Stored data:

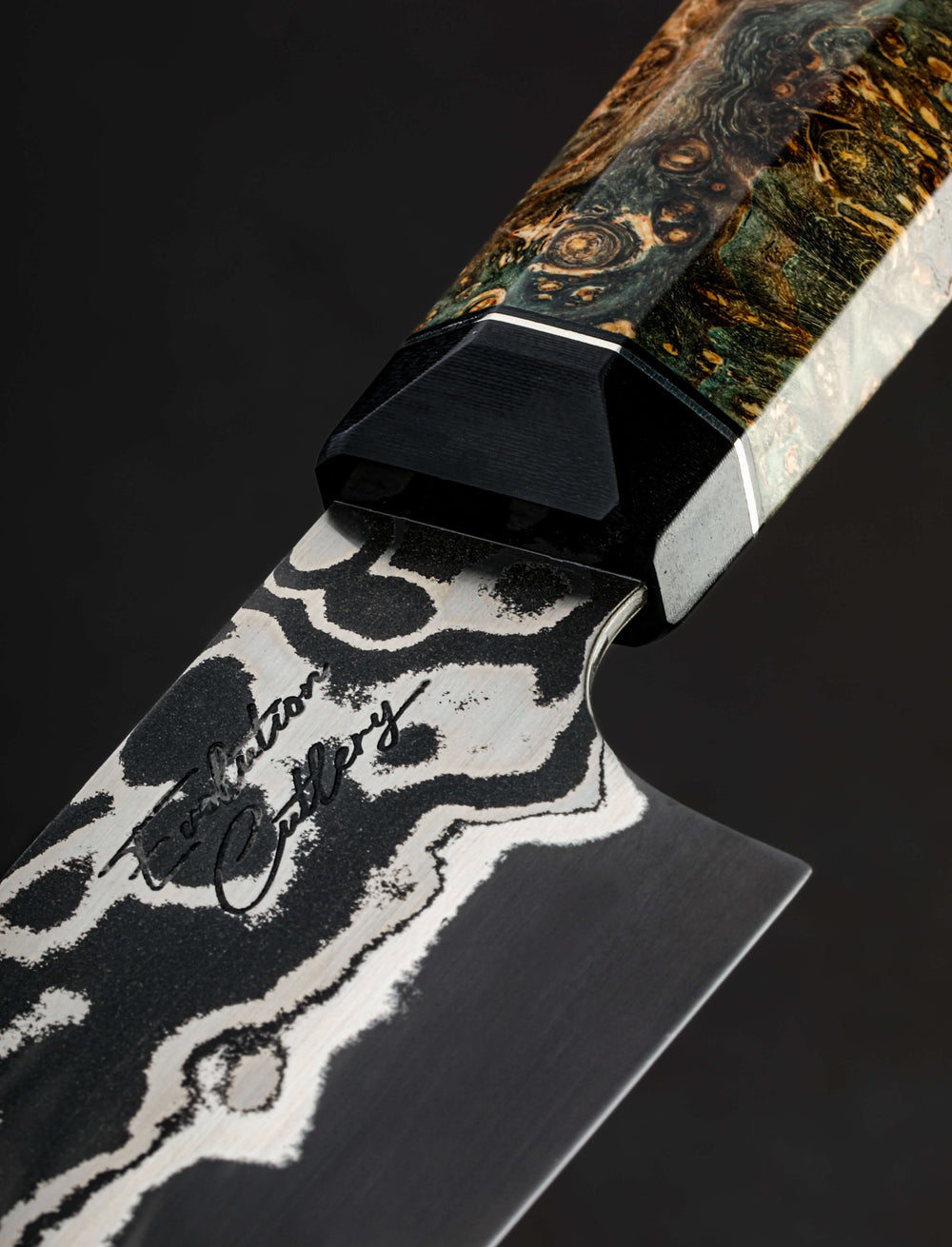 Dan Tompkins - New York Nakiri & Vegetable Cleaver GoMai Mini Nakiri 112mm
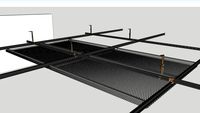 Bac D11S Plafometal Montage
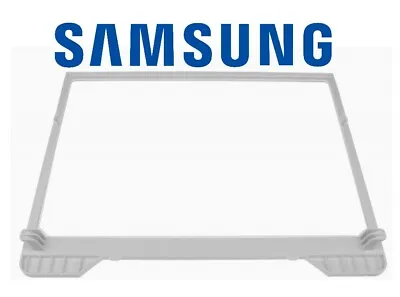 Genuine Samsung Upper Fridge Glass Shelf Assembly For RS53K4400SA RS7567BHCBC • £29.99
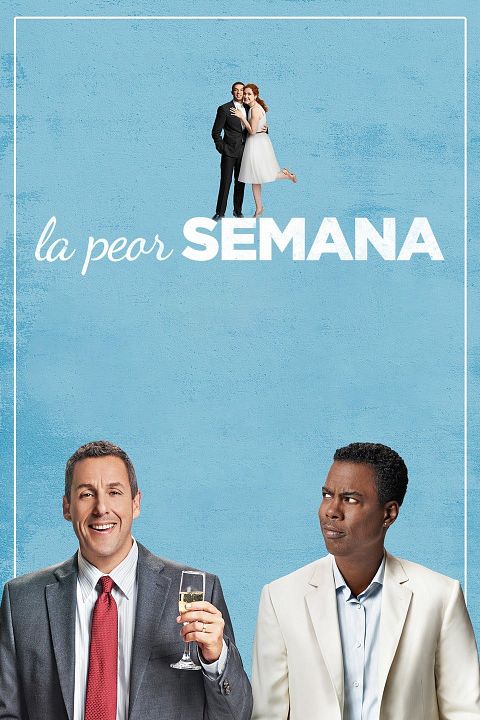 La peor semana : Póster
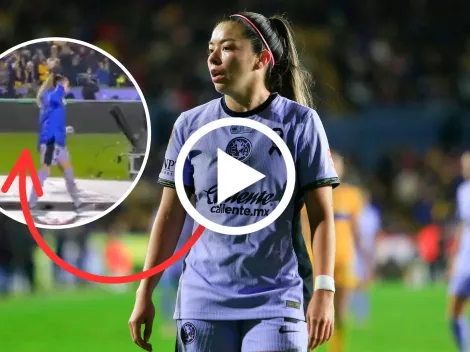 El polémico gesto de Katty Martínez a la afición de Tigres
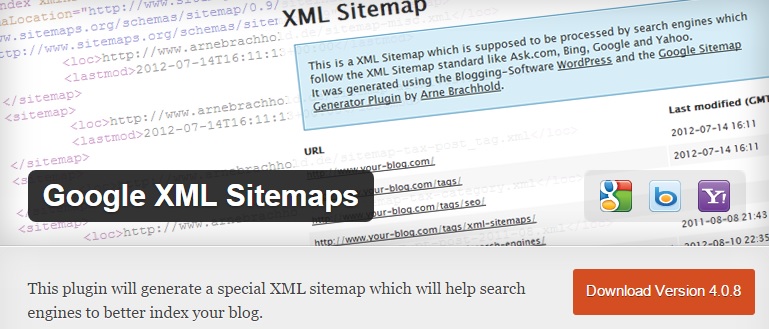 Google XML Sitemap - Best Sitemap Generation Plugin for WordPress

**The task**
Each line from the one containing "Genuine Samsung Upper" through the last line above should be retyped exactly, and no other line. Any picture is to be left out.

**Exercise solution**
 Genuine Samsung Upper Fridge Glass Shelf Assembly For RS53K4400SA RS7567BHCBC • £29.99
 La peor semana : Póster
 El polémico gesto de Katty Martínez a la afición de Tigres
 Google XML Sitemap - Best Sitemap Generation Plugin for WordPress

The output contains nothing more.